What does all this mean for Britain today? Red Flag stands for: the democratic renewal of the Labour Party, a mass movement to fight the Tories, socialist policies for a Labour government and a revolution to establish a Socialist Republic of Britain. If that’s Trotskyism, so be it.

Trotsky also had a few things to say about the British Labour Party, including some pretty salty remarks about the Tom Watsons of his day.

Like Marx and Engels, who campaigned for a Labour Party, Trotsky urged his British supporters to join the Labour Party in the 1930s. They supported the mass party of the working class in Britain, whilst criticising its right wing leaders. In the party they argued for a socialist programme without twisting arms, plotting or conniving.

There is much to learn from this honest, principled approach to politics.
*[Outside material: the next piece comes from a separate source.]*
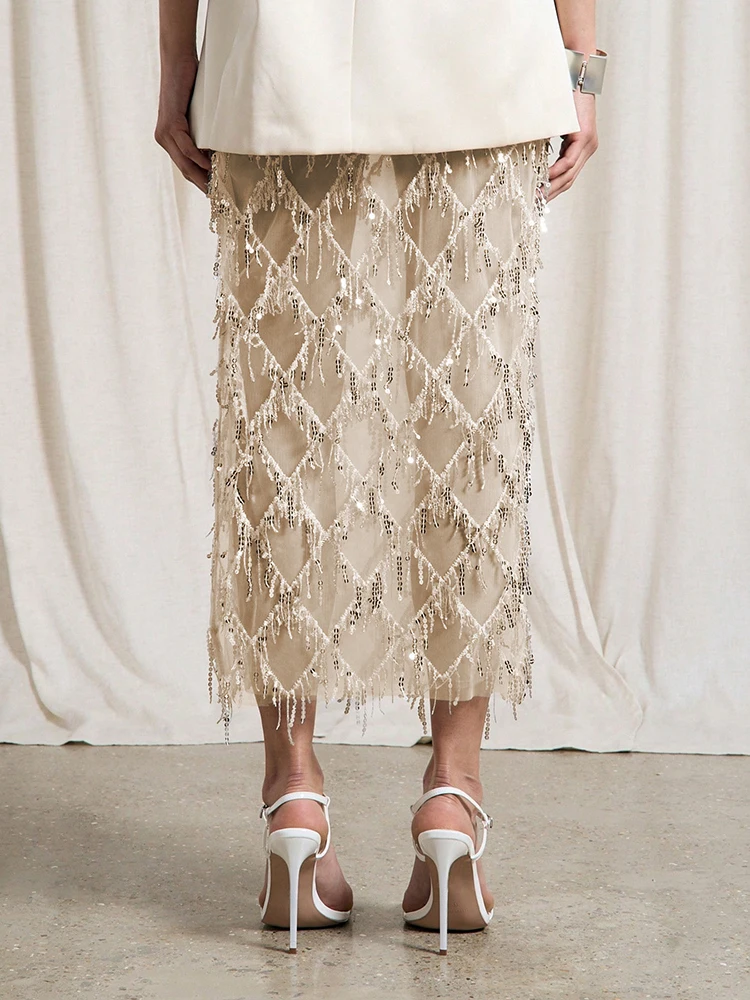Fashion Glitter Solid Side Split Skirt Sexy Hollow Out Tassel Sequins Half Skirt Hot Girl See-through Slim Cocktail Party Skirts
Why the Right hates the Left

The Labour leadership has repeatedly persecuted and expelled revolutionary socialists. Their real ‘crime’ has not been against the membership but expressing honest criticism of the leaders – in particular their broken promises to the working class. The right wing expelled socialists in the 1980s because Kinnock abandoned the miners, abandoned the dockers, and abandoned left wing councils like Lambeth and Liverpool.

The same is happening today. The right wing are against Corbyn’s policies and against the mass social movement he is inspiring across the country. They say they want a party of power not a party of protest. We say we need a party which builds up its forces in mass active protests against the Tories now, and comes to power on a wave of mass action ready to deliver permanent social change.
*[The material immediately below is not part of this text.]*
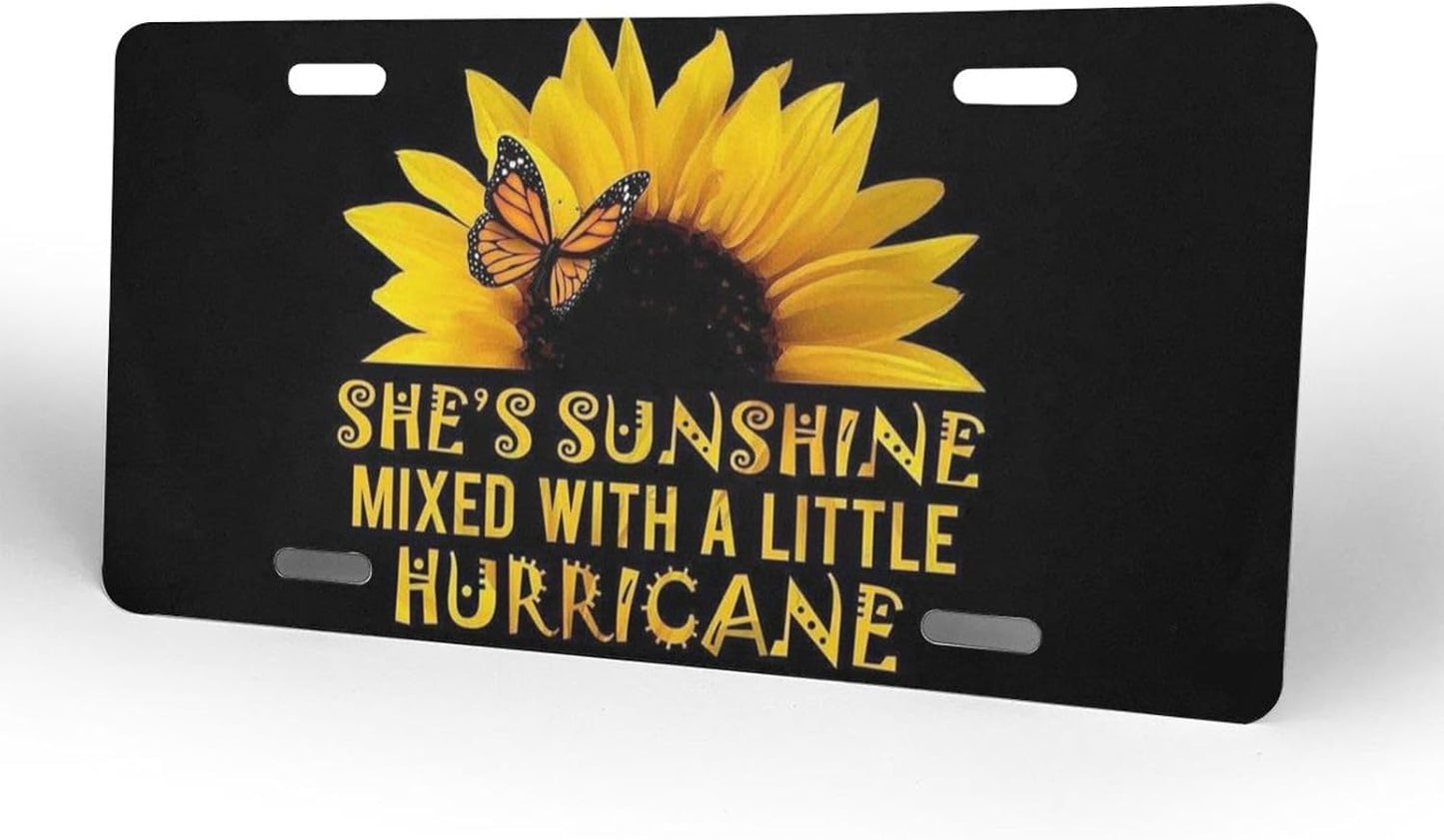 Placa matrícula aluminio diseño mariposa girasol 6x12pulg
Elections are part of that struggle but only part of it. Without mass action the ruling class will never make major concessions, ones that involve a real transformation of society, ones that touch on their ownership of production and monopoly of armed force. All history shows us that when a left wing government comes to power, only by winning an election, then no matter how radical its programme it will be undermined and sabotaged by the establishment at every turn. Just look what happened in Greece!

The Tories and their ruling class backers will have no hesitation in resorting to extra-parliamentary action to stop a Corbyn government carrying out radical change. They will resort to the bond markets, the currency exchanges and the banks to force the economy into crisis. But as the serving generals have made clear to Corbyn they will not hold back from unconstitutional direct action either. They can only be stopped by a vast social movement ready and willing to take revolutionary action.

For all these reasons Red Flag takes its rightful place in the Labour Party, in building Momentum alongside branches and CLPs, and is working for a mass movement against the Tories and a Labour government that breaks with the capitalists and fights for socialism.